Tom Hambrett first heard about Revolut while travelling. He had left his job at Herbert Smith Freehills in Sydney in 2017, and while in Mexico, interviewed for a role as its first in-house lawyer.

After becoming the two-year-old company’s 23rd employee, he relocated from Australia to London to help build what would become one of the UK’s most successful fintechs.

Now, almost a decade on, he is chief legal officer of a company valued at $75bn.

‘When I joined Revolut, we had less than six months of cash runway, so it was very much a big bet and a risk to jump into something that was unproven, unstructured, and growing quickly – but that also had big ambitions.’

After six years in the corporate team at HSF, focusing on equity capital markets and M&A, Hambrett had already decided he wanted to move in-house. With his sights set on companies in the financial services and technology space, the vacancy at the fast-growing fintech came at just the right time.

‘There was definitely an element of ‘this may not work out’, but it was invigorating and exciting,’ he recalls.

In the years since, the company has gone from strength to strength, becoming a household name, with more than 70 million customers and operations in markets across Europe, America, Mexico, Brazil, Australia, Singapore, Japan and New Zealand. Revenues grew by 72% to $4bn in 2024, and at the end of last year, the company completed a share sale valuing it at $75bn.

Hambrett looks back on his achievements at the company with pride. ‘It’s always challenging building anything for the first time – building an in-house legal team from scratch, having never done it before, is going to require a lot of self-development,’ he says. The rewarding thing about doing it from the beginning is that you can design it in a way that fits into the wider organisation.’

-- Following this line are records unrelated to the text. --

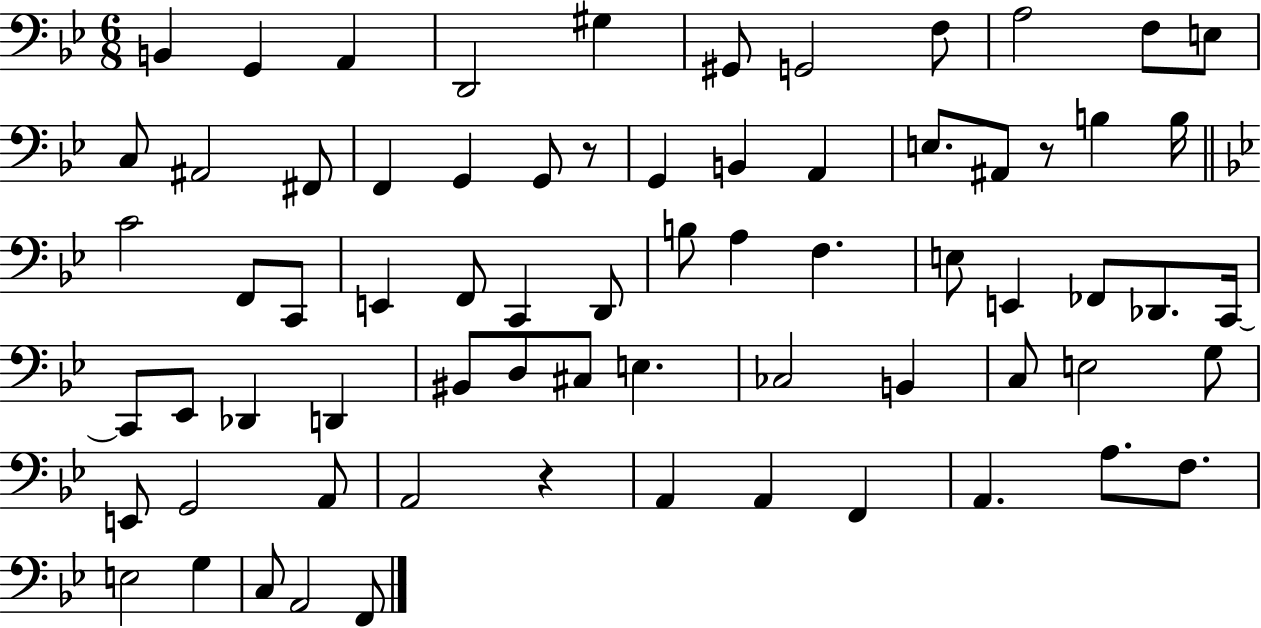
X:1
T:Untitled
M:6/8
L:1/4
K:Bb
B,, G,, A,, D,,2 ^G, ^G,,/2 G,,2 F,/2 A,2 F,/2 E,/2 C,/2 ^A,,2 ^F,,/2 F,, G,, G,,/2 z/2 G,, B,, A,, E,/2 ^A,,/2 z/2 B, B,/4 C2 F,,/2 C,,/2 E,, F,,/2 C,, D,,/2 B,/2 A, F, E,/2 E,, _F,,/2 _D,,/2 C,,/4 C,,/2 _E,,/2 _D,, D,, ^B,,/2 D,/2 ^C,/2 E, _C,2 B,, C,/2 E,2 G,/2 E,,/2 G,,2 A,,/2 A,,2 z A,, A,, F,, A,, A,/2 F,/2 E,2 G, C,/2 A,,2 F,,/2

And Hambrett has done exactly that; going from having sole responsibility for not only legal but also customer support, sponsorships and marketing, to building a team of nearly 300 lawyers spread across London, Singapore, Japan, India, and Australia, to name a few.

‘There was definitely an element of “this may not work out”, but it was invigorating and exciting’

The combination of excitement, hard work and developing a team is more than enough to keep Hambrett motivated. ‘I love the diverse nature of the problems that I get to solve every day, and I love the colleagues that I get to work with,’ he says. ‘There’s no substitute for that hard work and that feeling that everyone is on the same team, driving towards the same outcome. The power of a single goal is really important.’

These motivators have remained constant throughout Hambrett’s career. He explains that he became ‘hooked’ on the fast-paced corporate environment at HSF, which he joined in 2011, a year before the merger of Australia’s Freehills and UK firm Herbert Smith.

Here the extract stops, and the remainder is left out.